"These are the Victoria Falls, whose noisy gushing/ Attracts a noisy and a gushing crowd;/ They rush from every country in the world to gape/ At this cascade that is the usual shape." That is the opening stanza of Victoria Falls by the South African novelist, short-story writer and poet William Plomer, writes Brian Maye.
When I read the poem in an anthology recently, I immediately became interested in the man. He was born 100 years ago next Wednesday, which I thought very adjacent, as a Sean O'Casey character might say.
I became more interested in Plomer when I learned how much ahead of his time he was. He had contempt for the racial discrimination he saw all around him in his native South Africa, and this anger was reflected in his first novel, Turbott Wolfe, which was published in 1925. It told the story of a love affair between a black man and a white woman. One critic has said the book gave a sharp corrective to most people's view of the British dominion of South Africa. Inevitably, neither the novel nor its author proved very popular with the white population there as a result.
William Charles Franklyn Plomer (1903-1973) was born in Pietersburg in the northern Transvaal, where his father was a civil servant. He went to an Anglican school, St John's College, in Johannesburg and was then sent to England where he spent three miserable years at a small private school in Kent and one happier year at Rugby.
Instead of continuing his education back in South Africa, he became a farmer and then a trader, using the experience he had gained at these jobs to good effect in his first novel mentioned above. He became friendly with two other rebel white South African writers, Roy Campbell and Laurens van der Post, and together they launched a radical literary journal, Voorslag (Whiplash), in 1927. It lasted only a year but it gave the three men another platform from which to criticise their country's system of government. The authorities' attempts to muzzle their writing caused the three to withdraw angrily from publishing the periodical.
Other works published by Plomer directly about South Africa are the collection of three short novels and seven short stories entitled I Speak of Africa, which came out in 1927, and a biography of the British imperialist Cecil Rhodes, which gave acute insights into the man. It was published in 1933.
Plomer left South Africa after the demise of Voorslag and, after spending two years teaching in Japan, he made England his permanent home. Leonard and Virginia Woolf's Hogarth Press had published Turbott Wolfe and through them he gained entrance into London literary society.

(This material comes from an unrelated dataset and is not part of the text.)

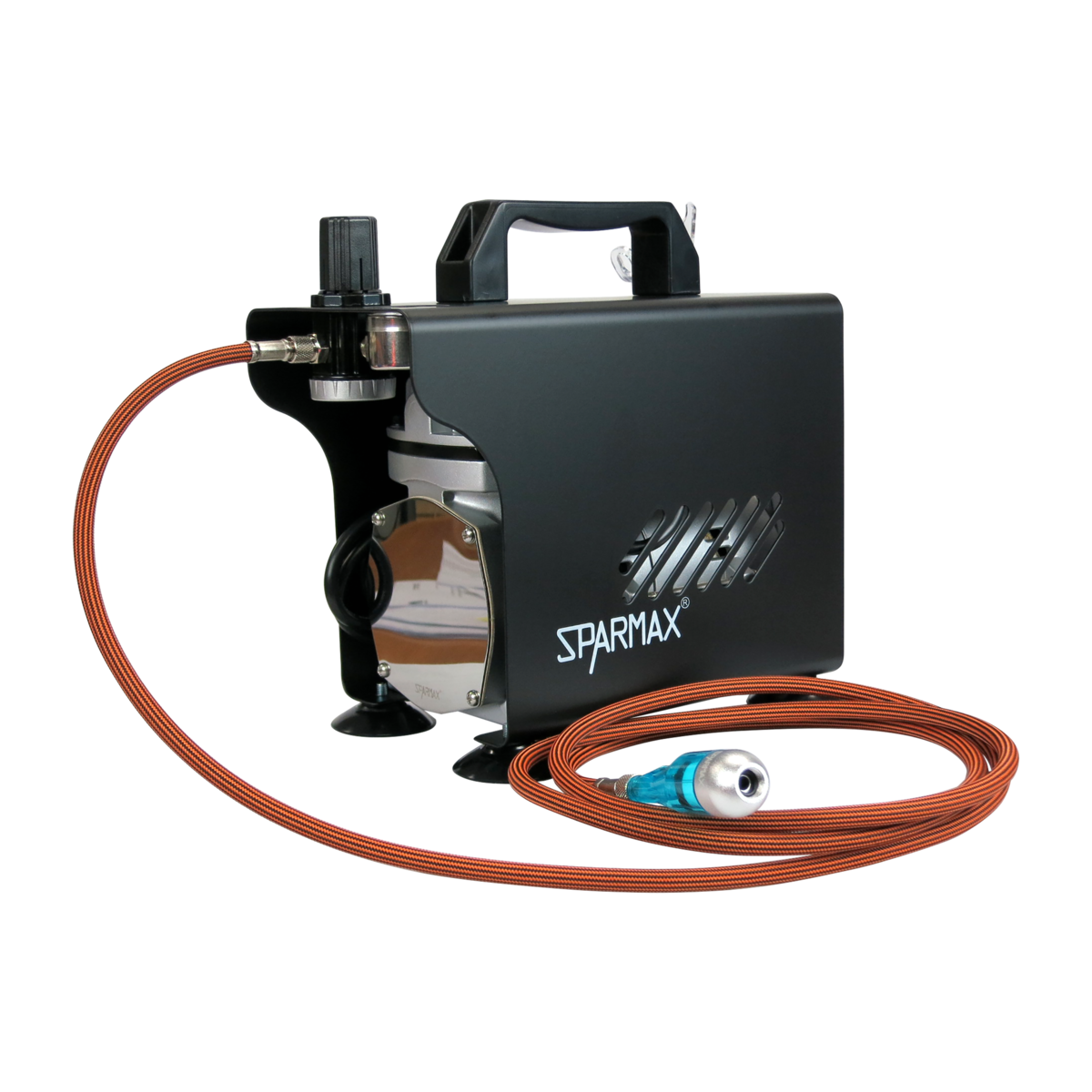 アネスト岩田 SPARMAX POWER-X AC-501X コンプレッサー AC-501X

Eventually he counted among his friends such well-known literary figures as E.M. Forster, the Sitwells and W.H. Auden, as well as the Woolfs. Also, as principal reader to the publisher Jonathan Cape in the 1930s, he brought to the fore such talented writers as Arthur Koestler, Ted Hughes, Stevie Smith, John Betjeman, Vladimir Nabokov and Ian Fleming.

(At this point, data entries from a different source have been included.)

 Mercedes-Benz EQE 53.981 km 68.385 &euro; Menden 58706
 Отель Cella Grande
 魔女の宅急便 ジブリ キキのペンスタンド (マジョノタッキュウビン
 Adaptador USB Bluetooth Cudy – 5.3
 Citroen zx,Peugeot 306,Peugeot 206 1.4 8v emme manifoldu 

Plomer was a notably versatile writer. Paper Houses (1929), The Child of Queen Victoria (1933), Curious Relations (1945) and Four Countries (1949) are collections of short stories. Sado (1931), The Case is Altered (1932), The Invaders (1934) and Museum Pieces (1952) are further novels from his pen. He also published Collected Poems (1960), an autobiography called Double Lives (1943) and At Home: Memoirs (1958). On top of all this, he wrote the libretti of four Benjamin Britten operas: Gloriana (1953), Curfew River (1964), The Burning Fiery Furnace (1966) and The Prodigal Son (1968).
He produced 10 volumes of verse in all and was awarded the Queen's Gold Medal for poetry in 1963. W.H. Auden, one of the most prominent poets of the 20th century, was certainly influenced by his poetry, especially by his ballads.

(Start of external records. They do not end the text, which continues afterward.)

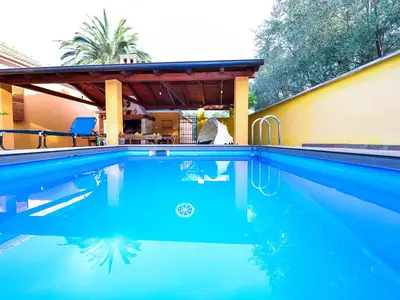 Villa für 7 Personen (130 m²) in Poljana 6/10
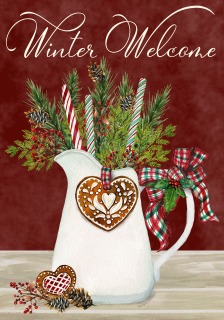 JN-0102a-Gingerbread-Pitcher
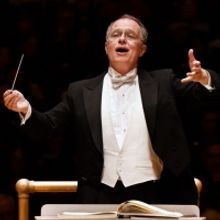 Conductor And Organist Kent Tritle's Full 2021-22 Season Of Events Announced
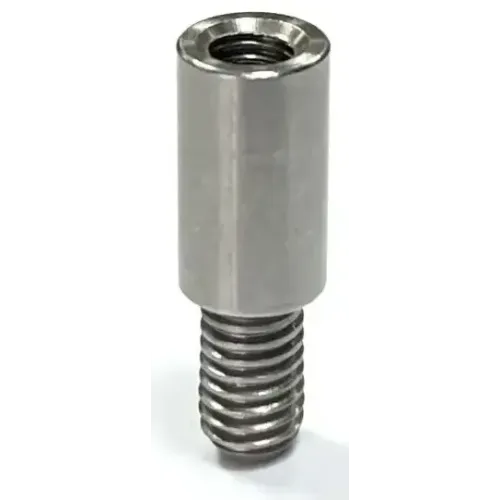 Переходник для анода М5 на М6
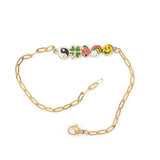 Lucky Charms Bracelet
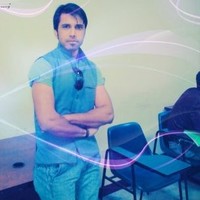 Nitesh Saini
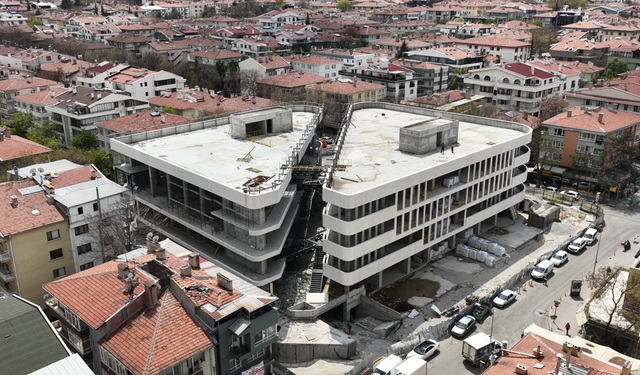 Ankara Bahçelievler’e Yeni Yaşam Merkezi Açılıyor!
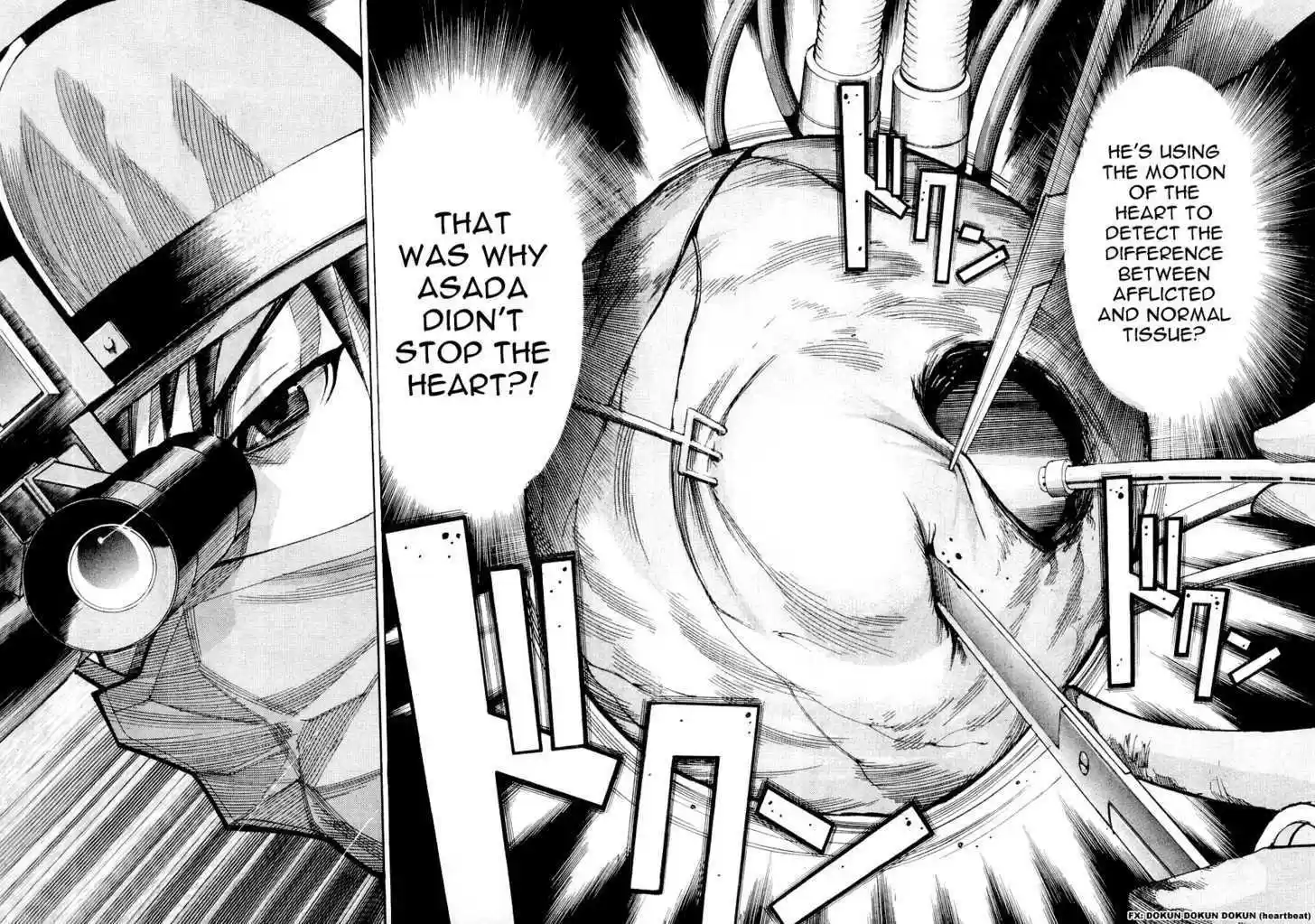 Team Medical Dragon 30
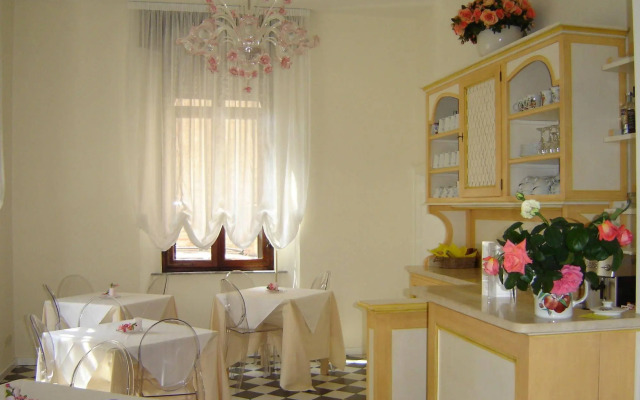 Villa Elda Boutique Hotel
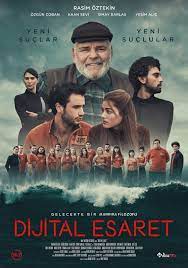 Dijital Esaret izle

As an adult, Plomer had to come to terms with his homosexuality. In his published autobiographies, he did not refer to the issue at all but privately he admitted that it was central to his life and work. In his fiction and poetry, there are no overt references to his homosexuality, but he always felt himself an outsider and was attracted to other outsiders. In the literary circles he moved in in London were a number of homosexuals, some discreet and reluctant, such as Forster, others
overt and flamboyant, such as Christopher Isherwood.
Plomer's work undoubtedly deserves to be better known. With Campbell, he is the foremost South African writer of his generation. He is witty, sardonic and unsentimental, and his expression is polished, refined and stylish.
Most of all, what comes through is his understanding and tolerance of other people. His writing never becomes didactic; humour and intelligence inform it.
Victoria Falls, with which I began, is a satirical look at the hordes of tourists, especially of the loud American variety, attracted by the waterfall of the title. When asked about the majority population of Africa, our tourist answers: "'The natives? Well, they're black, and live in such quaint kraals./ They're dusty, too! The great thing is to see the Falls."
Such attitudes are still around. It was greatly to William Plomer's credit that he fought them so early and for so long.